In our simulation, the radio transmission power of Node 6 increased to 5 mW, while the rest of the nodes were normally set to the default of 1 mW. The second feature is that the black hole attacker replied to as many requests as possible while keeping almost salient in terms of route requests (RReqs). The last but not least feature is that the black hole attacker almost never broadcast, and all of its communication was in the form of unicast. As shown in Figure 9, the graph shows the normal behavior of six nodes. All of them send both RReqs and RReps in a normal way. In other words, the number of RReqs to the number of RReps is in a relative proportion in all nodes.

Figure 10 shows that there is a huge gap between the number of RReps sent by Node 6 to the rest of the nodes. The reason behind this is that the transmission power of Node 6 increased to 5 mW, while the transmission power of the rest of the nodes is 1 mW. In addition, the number of RReqs sent by Node 6 is almost zero, while it is high with the rest of the nodes and close to each other.

The machine learning algorithm identified the malicious records clearly based on the features. The system showed a high accuracy in discovering the malicious nodes through analyzing its behaviors, based on the features mentioned above. The detection accuracy of our solution (LDAS) reached around 99%. When comparing the results of LDAS to other proposed solutions, such as alleviating blackhole identification and prevention (ABIP) that showed a 97% accuracy level and another solution called detection and presentation of a black hole attack (DPBHA), our solution showed a better performance in detecting malicious nodes, as shown in Figure 11.

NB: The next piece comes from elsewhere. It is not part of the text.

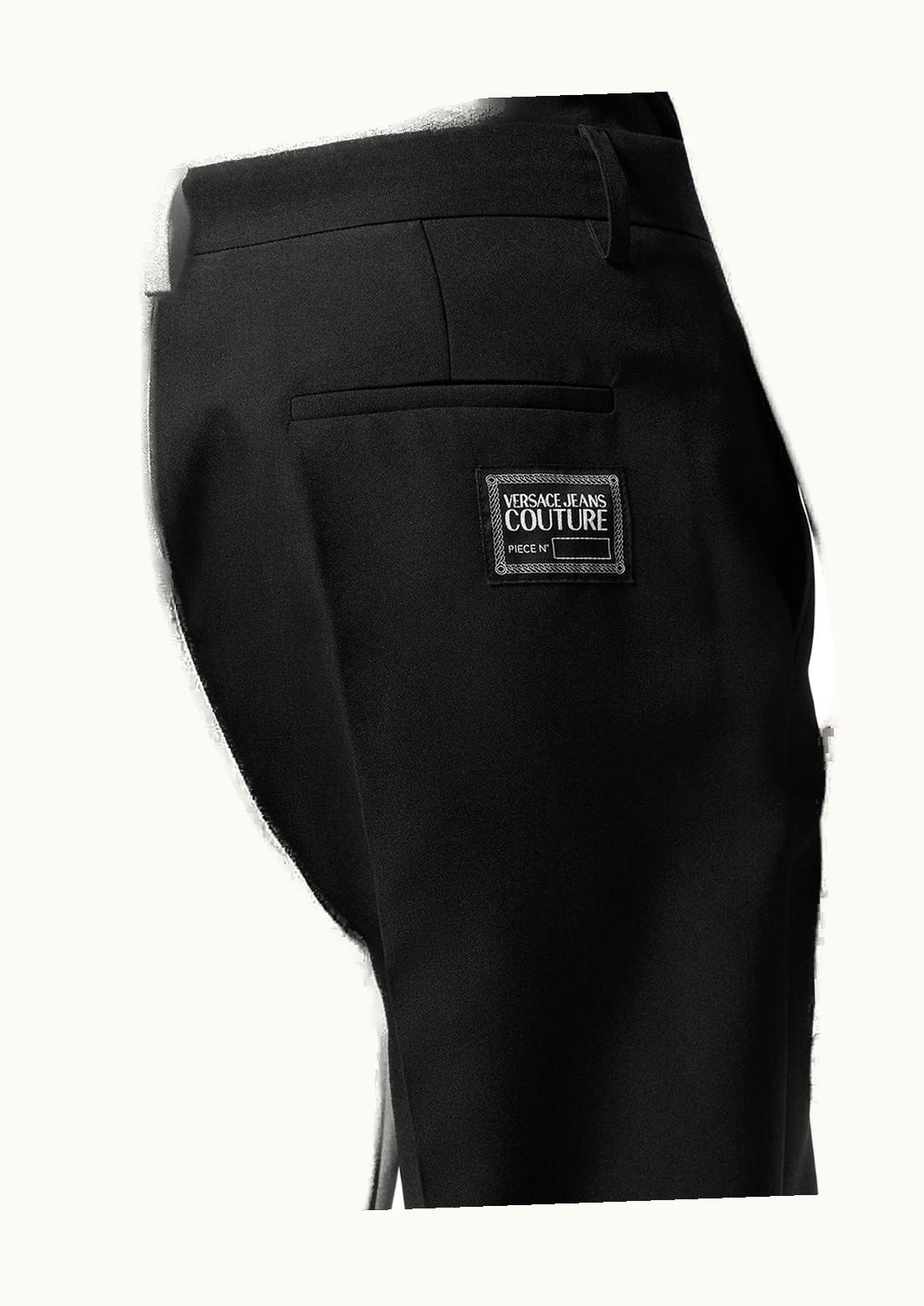 Versace Versace Piece Number Technical Formal Trousers Black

5. Conclusions and Future Work

MANETs are networks that are infrastructure-less; rather, they depend on cooperation between nodes by providing both features of being clients and routers. Such networks lack resources and many security features. Hence, they are more fragile than standard infrastructure networks. In this paper, we discussed the different applications of MANETs, their security challenges, and one of the most common attacks, which are black hole attacks. We surveyed, categorized, and compared the solutions proposed in the literature to mitigate black hole attacks. Then, a solution for discovering and avoiding such attacks was proposed using machine learning. In order to examine black hole attacks thoroughly, we used OMNET++ to simulate a malicious node in a MANET network and generated a dataset that we used for analysis and to study the behavior or malicious node acting as a black hole attack. We focused on three key features for identifying black hole attacks: transmission power, the number of responses in relation to the rest of nodes, and the communication method (whether it is unicast or broadcast). These three features were thoroughly examined using machine learning. The limitation of this research is that the simulation was performed on seven nodes only, and the attacker was only one node. In the future, a bigger network can be set up for better analysis, and the attackers can be more than one node. This will allow a deeper analysis of black hole attacks in a bigger network as well as a network traffic analysis with the presence of more than one attacking node.